> Jean d'Ormesson, écrivain, académicien, philosophe, amoureux des femmes, de l'Italie et de la littérature, grand admirateur d'Aragon, Stendhal et Simone Veil, est décédé à l'âge de 92 ans.
> L'espiègle nonagénaire venait de terminer un livre qui sortira en janvier: "Et moi je vis toujours".
> Quelques archives de la RTS sur les thèmes qu'il chérissait: la vie, la gaîté, la passion de la littérature, l'admiration portée à certains auteurs, le sens de sa propre finitude, le sentiment d'infini, le goût des choses simples, et Dieu, présent ou absent, mais toujours là.
RTS Culture
Un regard bleu s'est éteint
Un homme qui savait admirer
Jean d'Ormesson est né à Paris le 16 juin 1925. Normalien et agrégé de philosophie, il entreprend une carrière de haut fonctionnaire, notamment à l'Unesco dont il est le secrétaire général (1950-1992). Il fait également partie de plusieurs cabinets ministériels (1958-1965).

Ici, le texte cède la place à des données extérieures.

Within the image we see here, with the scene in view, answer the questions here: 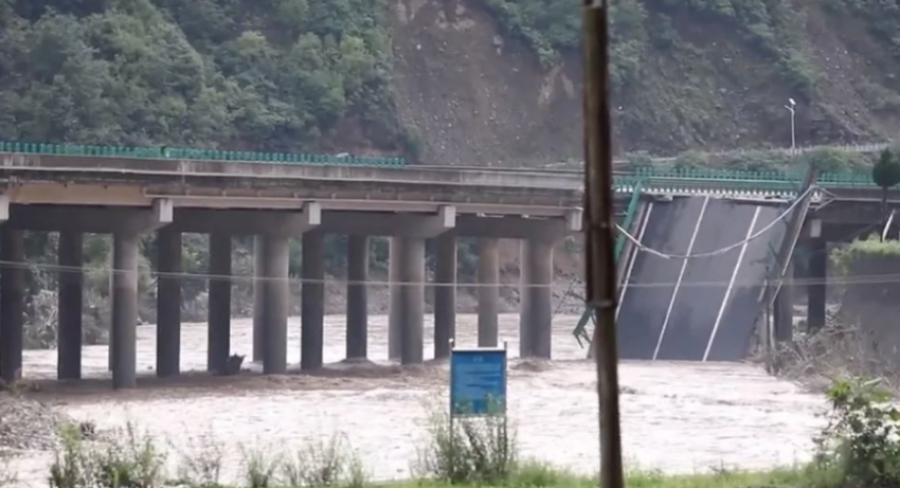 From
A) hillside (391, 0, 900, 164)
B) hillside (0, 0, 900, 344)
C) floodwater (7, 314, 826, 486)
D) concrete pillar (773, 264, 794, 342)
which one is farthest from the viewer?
hillside (391, 0, 900, 164)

Sa carrière littéraire avait explosé en 1971 avec "La Gloire de l'Empire", récompensé par le grand prix de l'Académie française.
En 2015, il avait reçu la récompense suprême de tout écrivain français, être édité dans la collection La Pléiade des éditions Gallimard.
Jean d'Ormesson incarnait l'intellectuel sous toutes ses facettes et cultivait la courtoisie de sa noble ascendance avec simplicité. Au fil de sa vie, Jean d'O - comme on avait fini par le surnommer - est devenu une figure médiatique attachante. Il aimait parler d'amour et des femmes, et dire son admiration des grands hommes et des grandes dames, comme Simone Veil.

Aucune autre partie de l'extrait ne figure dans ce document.